READ STUFF OF QUALITY
Quality is by far the most important factor in determining what we read. Whatever you
read, read good writing. In a workshop at a conference I attended earlier this year, Robert Benson advised the audience, “Don’t read writing by a writer who does not write as well as you do.” He elaborates in his book, Dancing on the Head of a Pen:
“[A writer] should never forget that we are all going to write under the influence of someone. Better for him if those writers are better than most. At the very least they should be the ones who make him want to lie down and take deep breaths before taking up his pen. Those are the books that will make him live, and write, more intensely.
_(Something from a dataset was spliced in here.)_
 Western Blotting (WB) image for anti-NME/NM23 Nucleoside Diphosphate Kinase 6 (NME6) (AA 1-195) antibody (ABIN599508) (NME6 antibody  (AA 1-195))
Reading anything less will not help him grow as a writer.
A direct relationship exists between the caliber of the writing you read and the caliber of the writing you make.” (pp. 102-103)
Choose your reading material wisely.
REREAD THE BEST
I confess: for years I scarcely reread at all. It can be difficult to pick up a familiar volume when there are so many yet to be read, especially when you have a memory that makes review tedious. So I squirmed a bit when I read these words of C.S. Lewis:
There is no clearer distinction between the literary and the unliterary. It is infallible. The literary man re-reads, other men simply read. … It is as if a man said he had once washed, or once slept, or once kissed his wife, or once gone for a walk. (On Stories, p. 120)
And yet he is right. As beneficial as it is to read an excellent book once, we reap the rewards exponentially each time we read it again. Even if we return to it without a conscious attention to the author’s methods (which certainly would be helpful, but it’s difficult not to become swept away in the story all over again!), we absorb a great deal simply letting the story wash over us.
Over the past year or two I’ve taken time to reread my favorite books, the ones that had a life-changing effect on me the first time. And each time I read them, I enjoy them more fully, I understand them more deeply, my soul is nourished more richly.
Time spent rereading the very best of books, those that have meant the most to us, is perhaps more valuable than reading several new novels. Such books scale greater heights than we can ascend in our first foray—and that is the sort of writing, whatever our genre or style, to which we should aspire.
Writing is a craft we should seek to hone all our lives, and our blades are sharpened whenever we read (or reread) quality stories. As we’re miring through the trenches of the writing life, a great book helps to remind us of why we press on.
And on the foundation laid by those who went before us, we have a sturdy place to leave our own mark on the world.
Tell me, dear readers: What books do you love? How have they influenced you as a writer? Have you read them over again?